Extracted records:
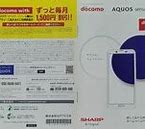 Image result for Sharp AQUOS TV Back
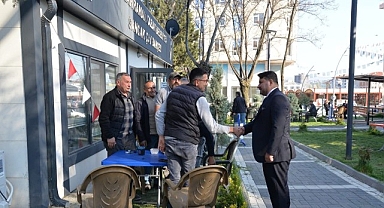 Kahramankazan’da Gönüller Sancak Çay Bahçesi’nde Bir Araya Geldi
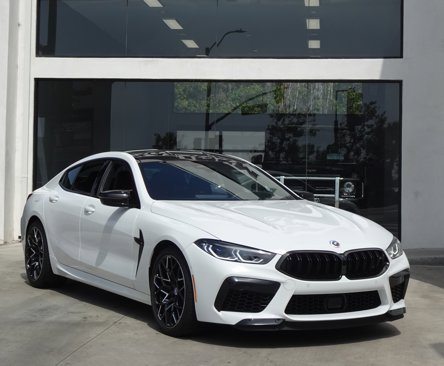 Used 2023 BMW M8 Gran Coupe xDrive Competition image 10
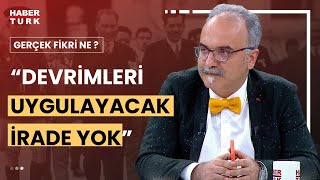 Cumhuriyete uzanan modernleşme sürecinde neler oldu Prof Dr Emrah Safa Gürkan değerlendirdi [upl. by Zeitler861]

---

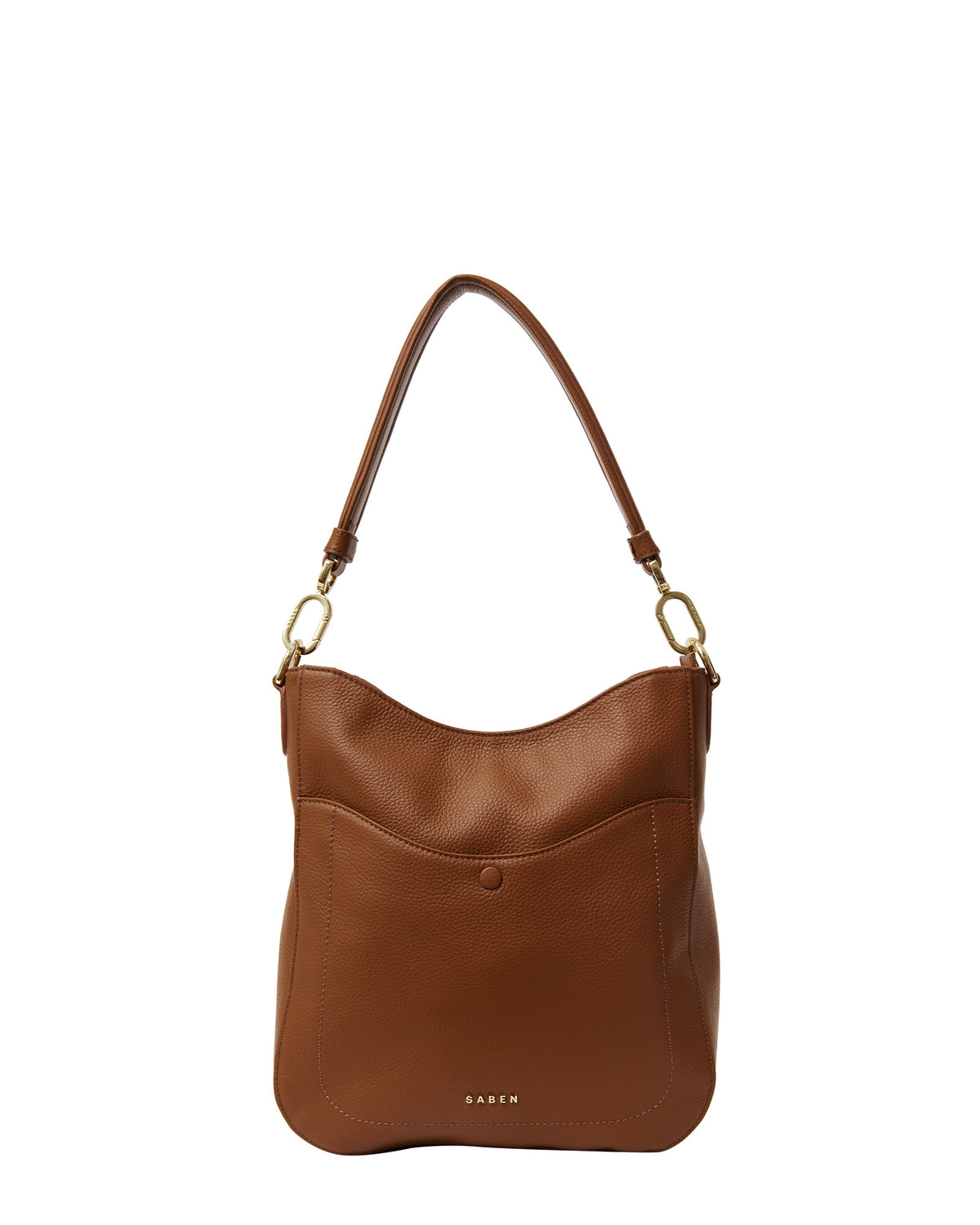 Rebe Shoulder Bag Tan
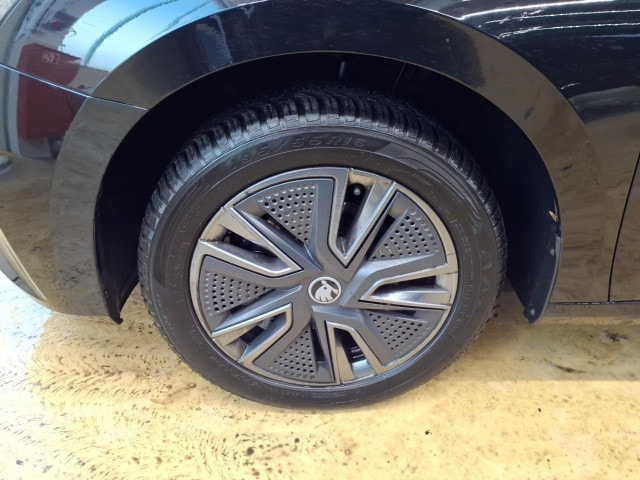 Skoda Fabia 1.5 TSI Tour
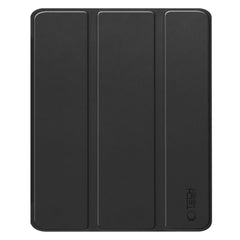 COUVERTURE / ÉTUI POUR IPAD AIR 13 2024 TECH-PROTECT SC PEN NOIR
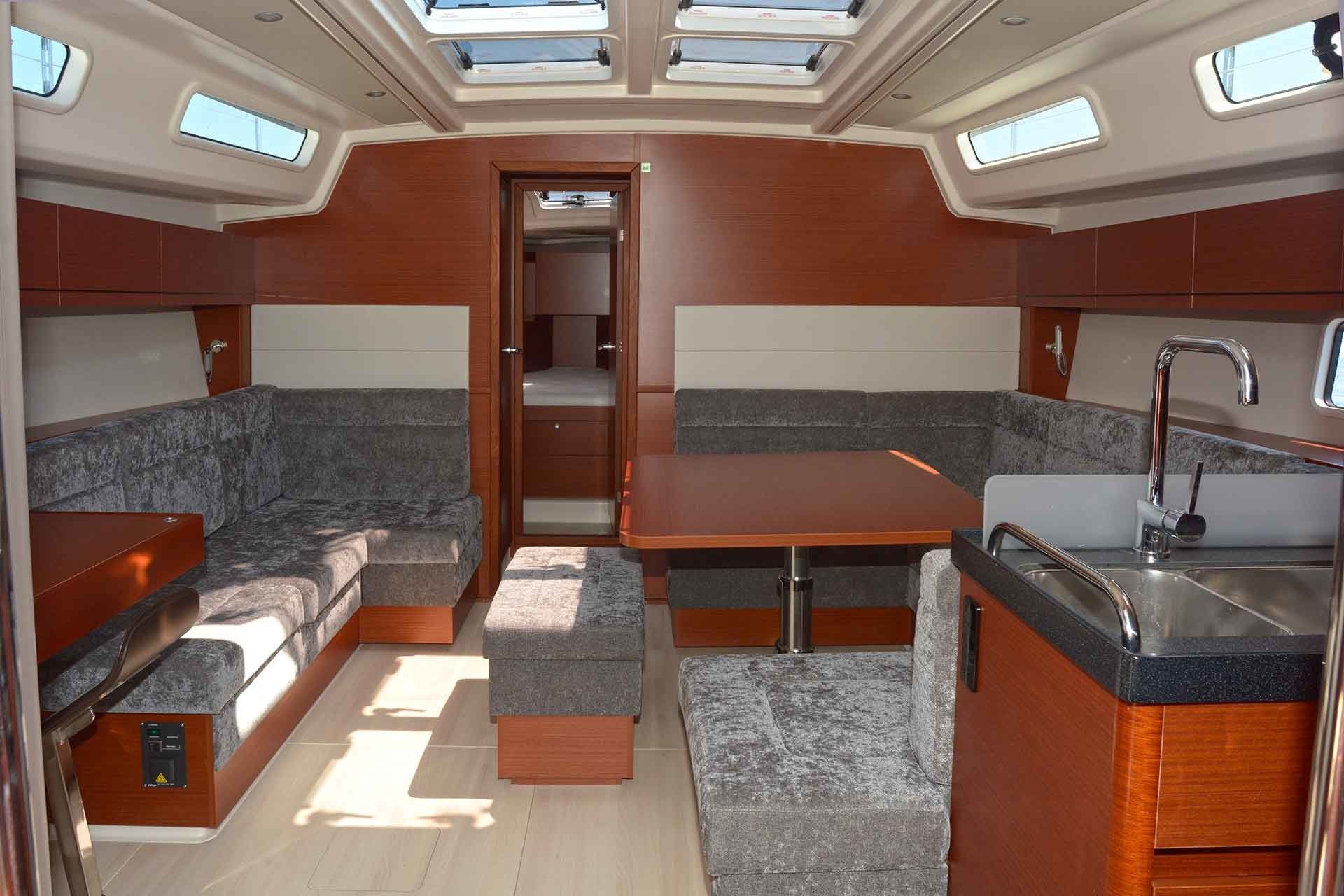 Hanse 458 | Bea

* * *

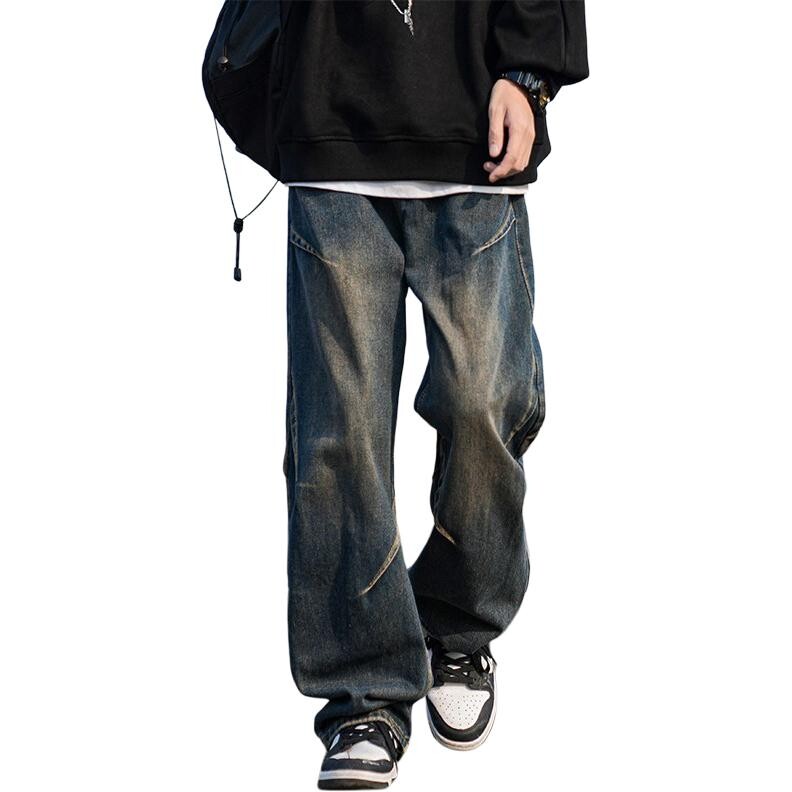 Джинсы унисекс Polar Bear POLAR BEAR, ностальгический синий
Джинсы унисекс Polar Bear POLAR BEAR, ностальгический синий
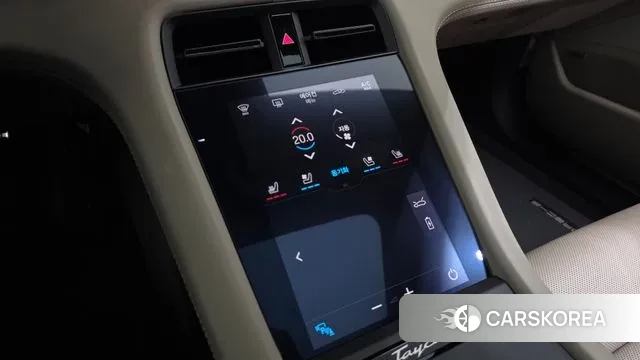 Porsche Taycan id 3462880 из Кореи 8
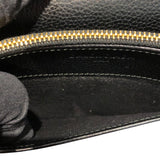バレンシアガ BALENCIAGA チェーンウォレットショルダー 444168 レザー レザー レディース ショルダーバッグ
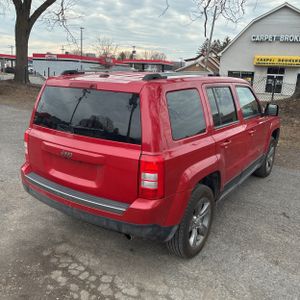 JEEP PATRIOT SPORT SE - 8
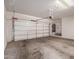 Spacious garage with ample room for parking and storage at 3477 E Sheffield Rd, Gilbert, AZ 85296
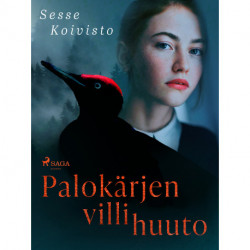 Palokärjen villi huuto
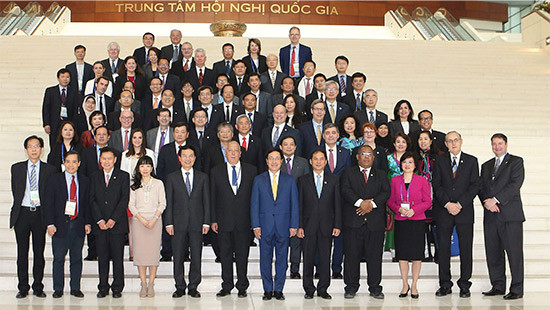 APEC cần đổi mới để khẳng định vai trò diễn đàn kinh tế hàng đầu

Instructions to follow: A word-for-word reproduction is needed of the lines above from the line containing "Porsche Taycan id 3462880 из Кореи 8" through the line containing "APEC cần đổi", with both ends kept and no pictures.

Task result:
 Porsche Taycan id 3462880 из Кореи 8
バレンシアガ BALENCIAGA チェーンウォレットショルダー 444168 レザー レザー レディース ショルダーバッグ
 JEEP PATRIOT SPORT SE - 8
 Spacious garage with ample room for parking and storage at 3477 E Sheffield Rd, Gilbert, AZ 85296
 Palokärjen villi huuto
 APEC cần đổi mới để khẳng định vai trò diễn đàn kinh tế hàng đầu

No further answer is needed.